(Pictures with short captions)

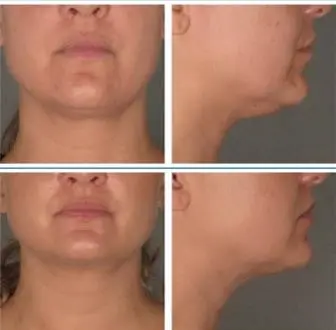 溶脂針4 溶脂針推薦4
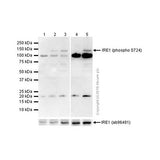22768. RECOMBINANT ANTI-IRE1 (PHOSPHO S724) ANTIBODY (EPR5253) 100UL ABCAM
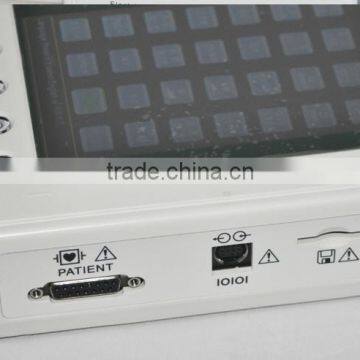 3-channel 12 Lead Color Screen EKG Electrocardiograph Portabel Ecg Machine photo-5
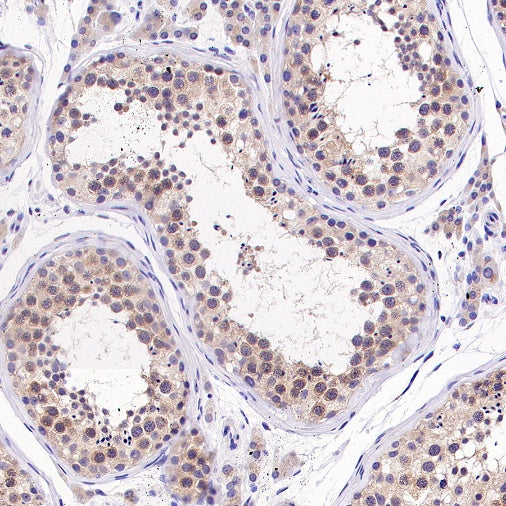 UBE2F Recombinant Rabbit mAb (S-2672-26)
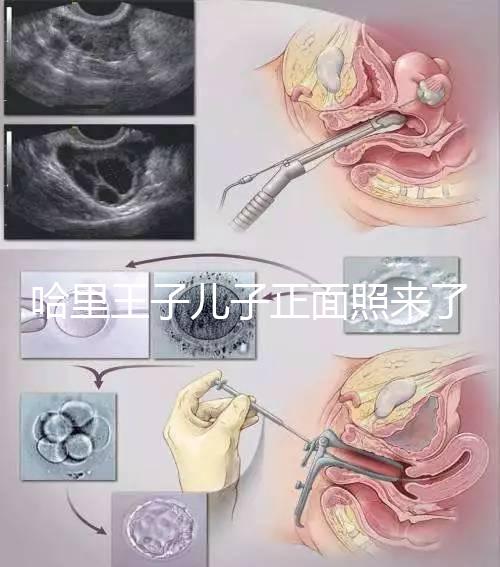 哈里王子兒子正面照來了，梅根評(píng)價(jià)：氣質(zhì)甜美，乖巧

Problem statement
The range to set down runs from the line containing "UBE2F Recombinant Rabbit mAb (S-2672-26)" through the final line of the data, both ends included; give it exactly and drop the pictures.

Exercise output
 UBE2F Recombinant Rabbit mAb (S-2672-26)
 哈里王子兒子正面照來了，梅根評(píng)價(jià)：氣質(zhì)甜美，乖巧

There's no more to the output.